Please give the entries again in full and exactly, without any picture.

Data excerpts:
[Start of Attachment]

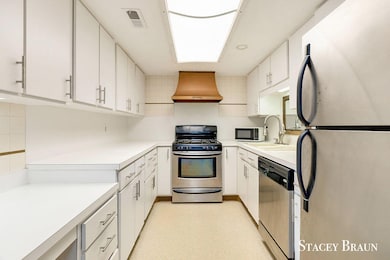 2530 Village Dr SE unit 117, Grand Rapids, MI 49506 - photo 4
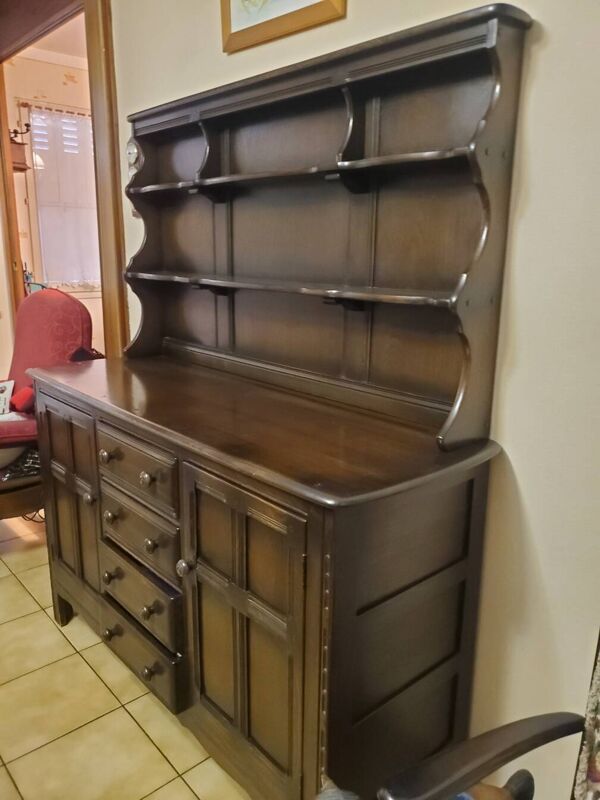 vaisselier très bien entretenu année 80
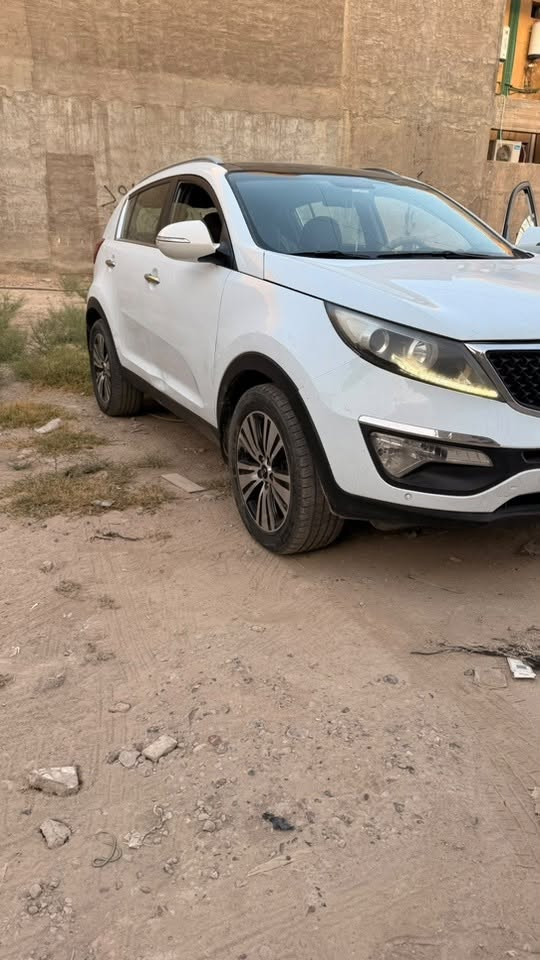 سلام عليكم سبورتج ٢٠١٦ خليجي رقم بغداد ابيض اللون بنوراما محرك ٢٠٠٠ دوش للبيع مكان السياره بغداد
السعر160 $ للاستفسار ***********
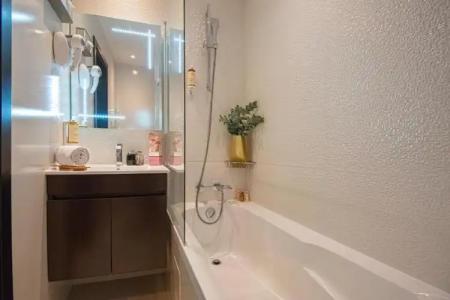 Albert 1'er Nice, France - 105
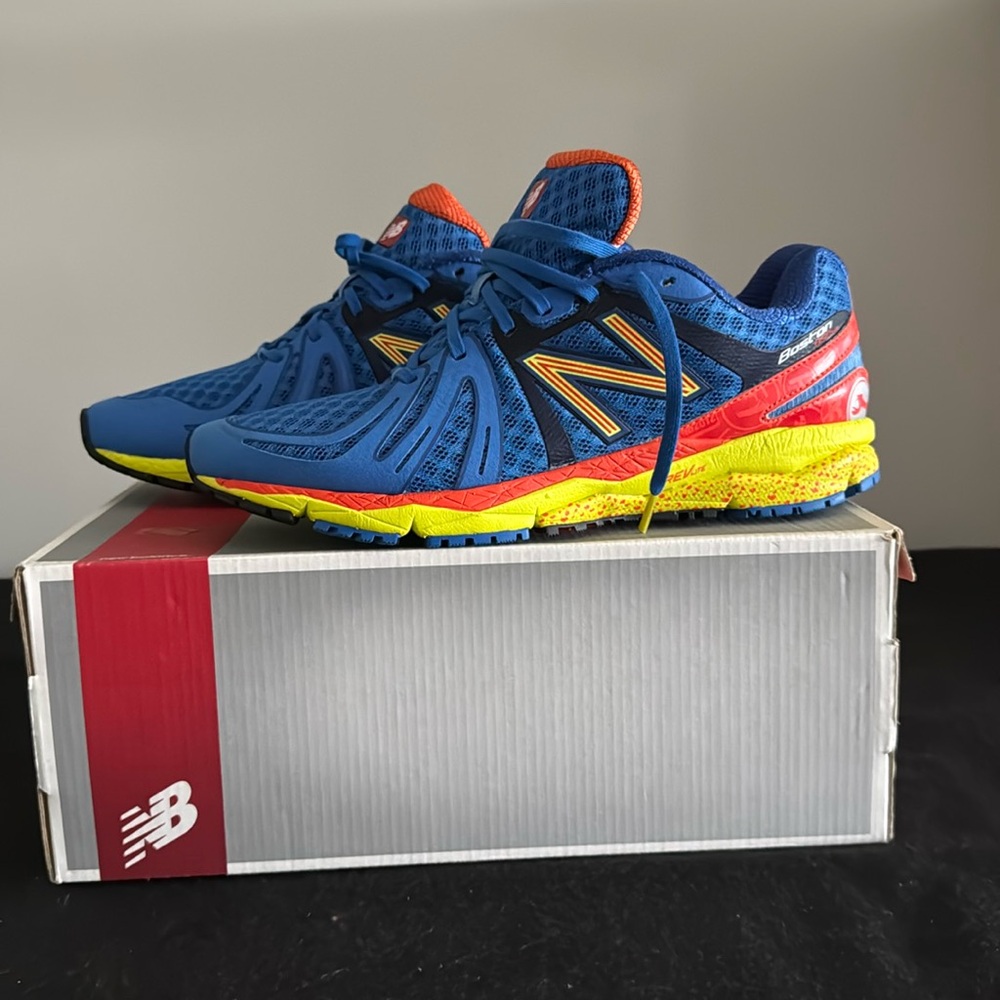 NEW BALANCE - MENS MENS LIMITED EDITION BOSTON 890V2 LIGHTWEIGHT RUNNING SHOES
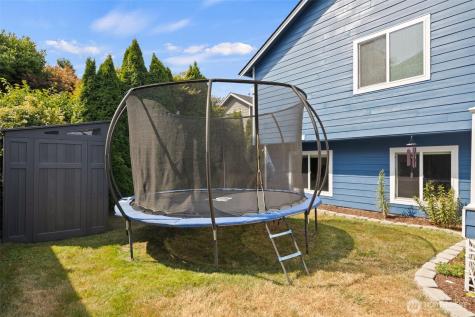19 80th Drive NE Lake Stevens WA 98258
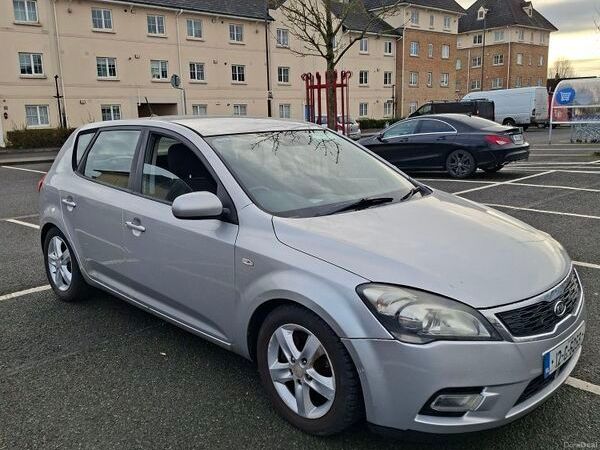 Kia Ceed Hatchback, Diesel, 2012, Silver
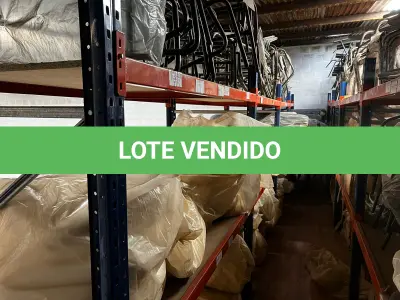 LOTE 037 - Lote de materiais que estão nas prateleiras (sem as prateleiras)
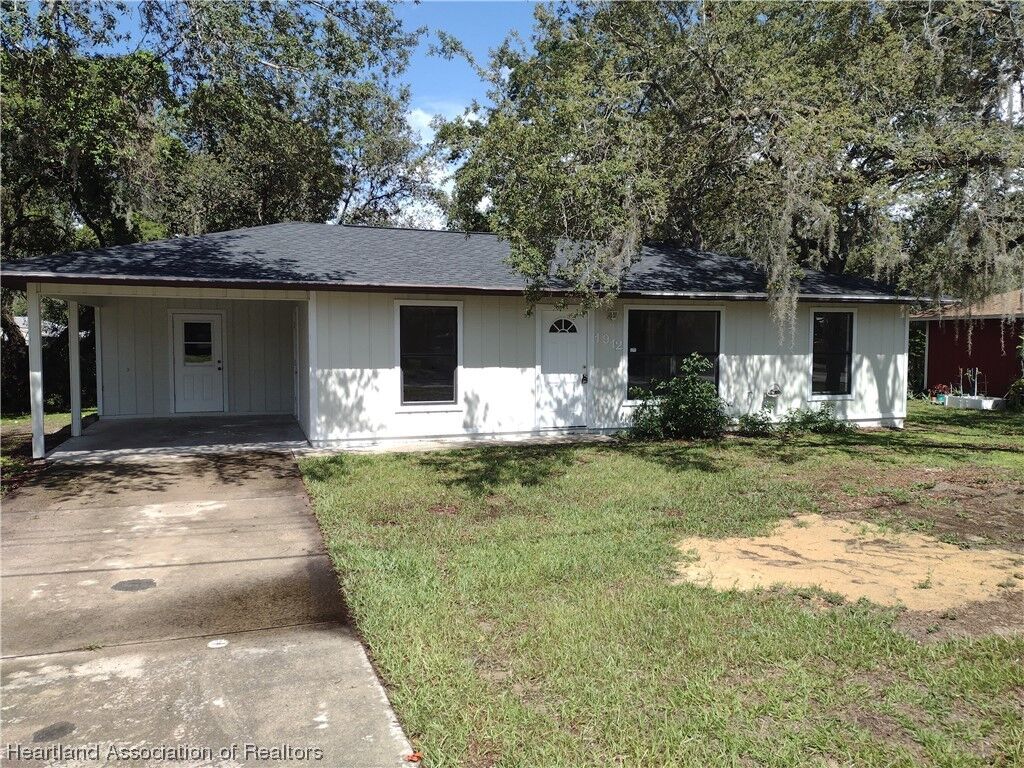 Property Photo:  1912 Melady Avenue  FL 33870 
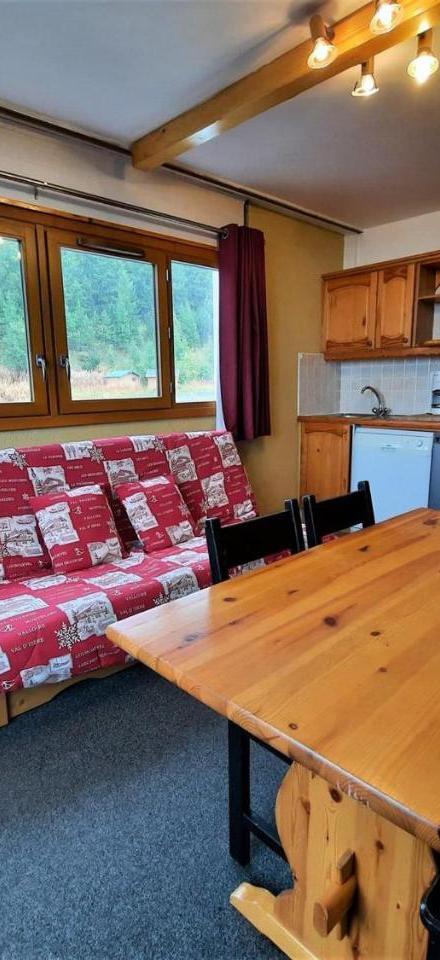 Apartment (5 Adults) (1 double bed, Bedroom#1: 1 bunk bed, Bedroom#2: 1 double bed) – Appartement Ski Aux Pieds 5 Pers, Animaux Admis - Fr-1-452-131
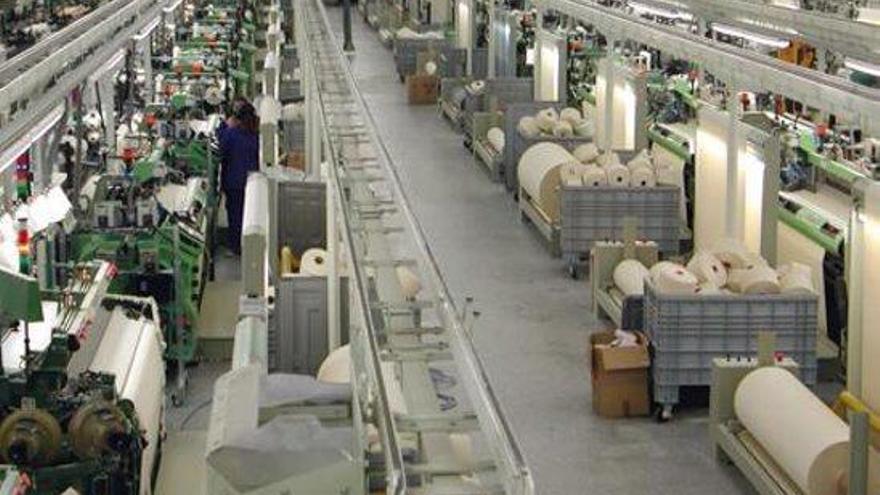 Vista dels telers d&#039;una teixiduria en una fàbrica tèxtil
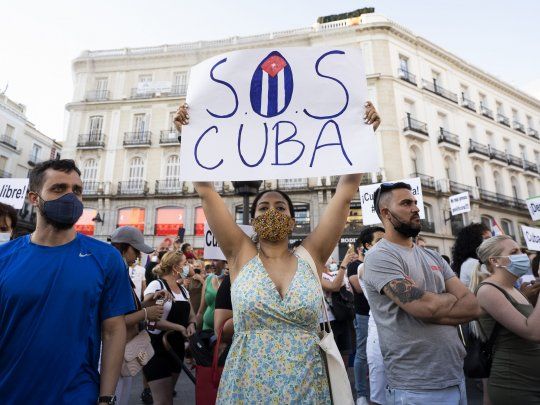 Protesta en Madrid en apoyo al estallido social en Cuba.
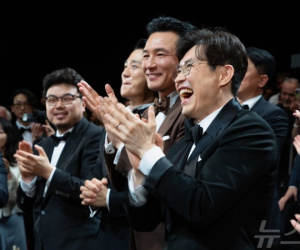 Bom tấn Hàn nhận tràng pháo tay 10 phút tại Cannes 2024, nam chính là siêu sao cư xử tệ nhất showbiz đóng phim nào cũng hot
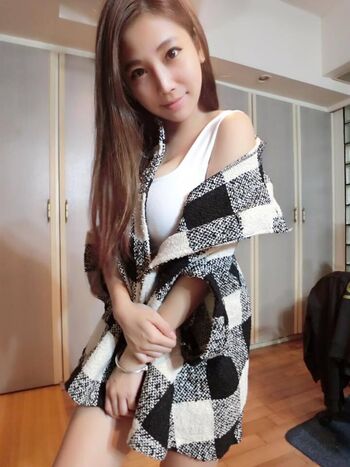 Full leaked Feifeihsieh page private onlyfans photo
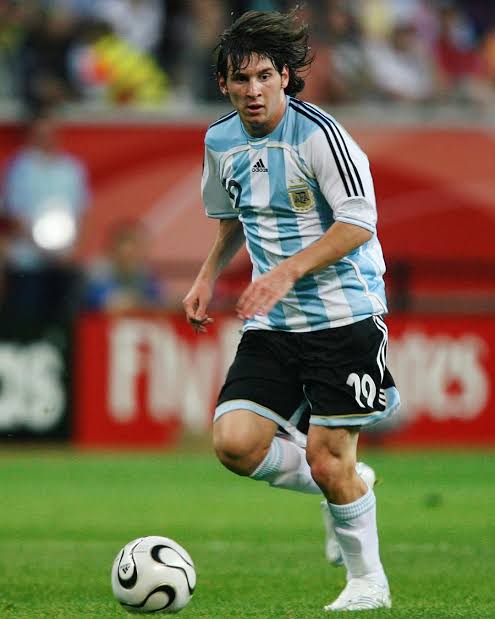 Authentic Argentina 2006/07 Home - Messi #19 Size L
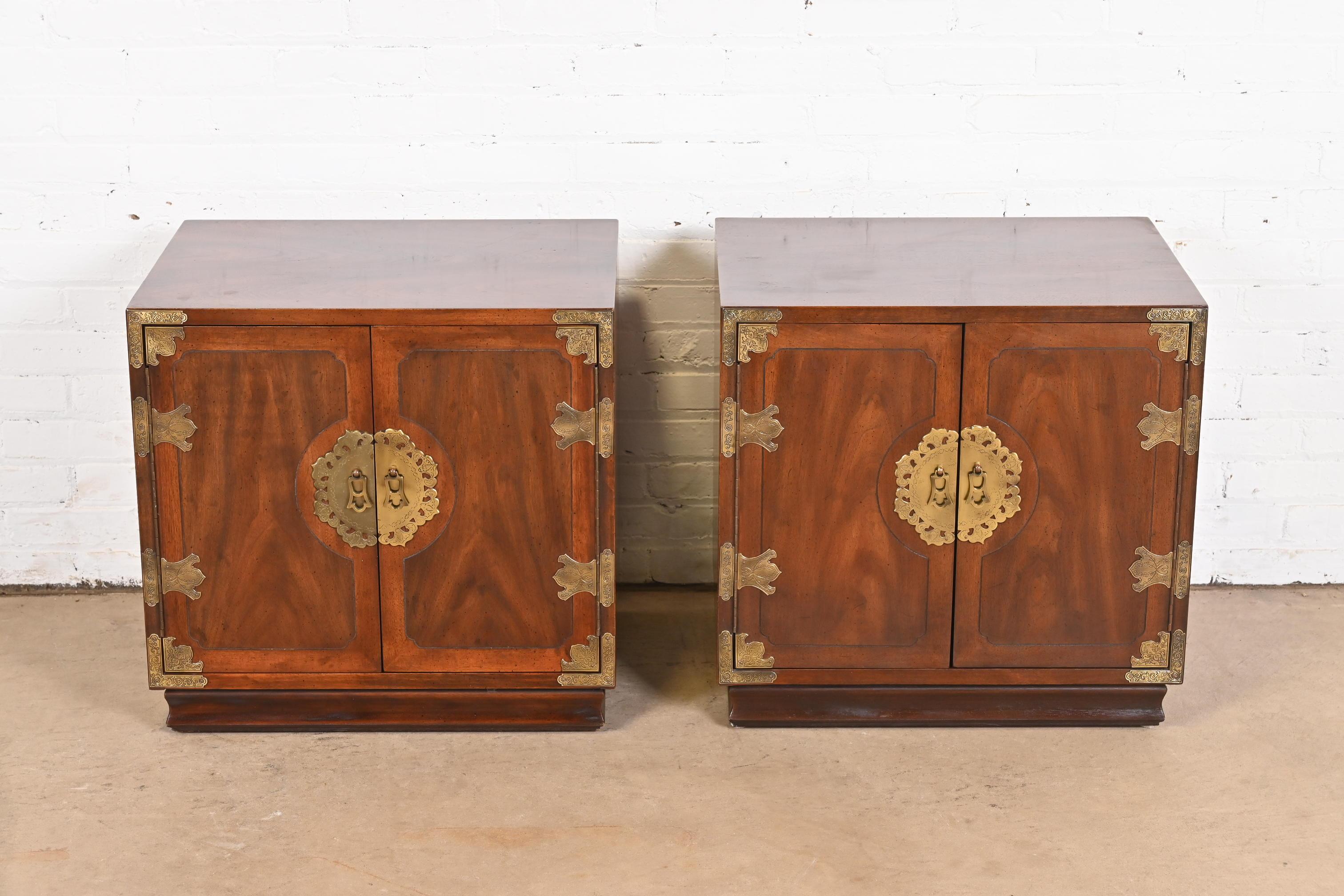 Mid-Century Modern Henredon Mid-Century Hollywood Regency Chinoiserie Mahogany Bedside Chests, Pair For Sale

[End of Attachment]

EXERCISE OUTPUT =
 2530 Village Dr SE unit 117, Grand Rapids, MI 49506 - photo 4
 vaisselier très bien entretenu année 80
 سلام عليكم سبورتج ٢٠١٦ خليجي رقم بغداد ابيض اللون بنوراما محرك ٢٠٠٠ دوش للبيع مكان السياره بغداد
السعر160 $ للاستفسار ***********
 Albert 1'er Nice, France - 105
 NEW BALANCE - MENS MENS LIMITED EDITION BOSTON 890V2 LIGHTWEIGHT RUNNING SHOES
19 80th Drive NE Lake Stevens WA 98258
 Kia Ceed Hatchback, Diesel, 2012, Silver
 LOTE 037 - Lote de materiais que estão nas prateleiras (sem as prateleiras)
 Property Photo:  1912 Melady Avenue  FL 33870 
 Apartment (5 Adults) (1 double bed, Bedroom#1: 1 bunk bed, Bedroom#2: 1 double bed) – Appartement Ski Aux Pieds 5 Pers, Animaux Admis - Fr-1-452-131
 Vista dels telers d&#039;una teixiduria en una fàbrica tèxtil
 Protesta en Madrid en apoyo al estallido social en Cuba.
 Bom tấn Hàn nhận tràng pháo tay 10 phút tại Cannes 2024, nam chính là siêu sao cư xử tệ nhất showbiz đóng phim nào cũng hot
 Full leaked Feifeihsieh page private onlyfans photo
 Authentic Argentina 2006/07 Home - Messi #19 Size L
 Mid-Century Modern Henredon Mid-Century Hollywood Regency Chinoiserie Mahogany Bedside Chests, Pair For Sale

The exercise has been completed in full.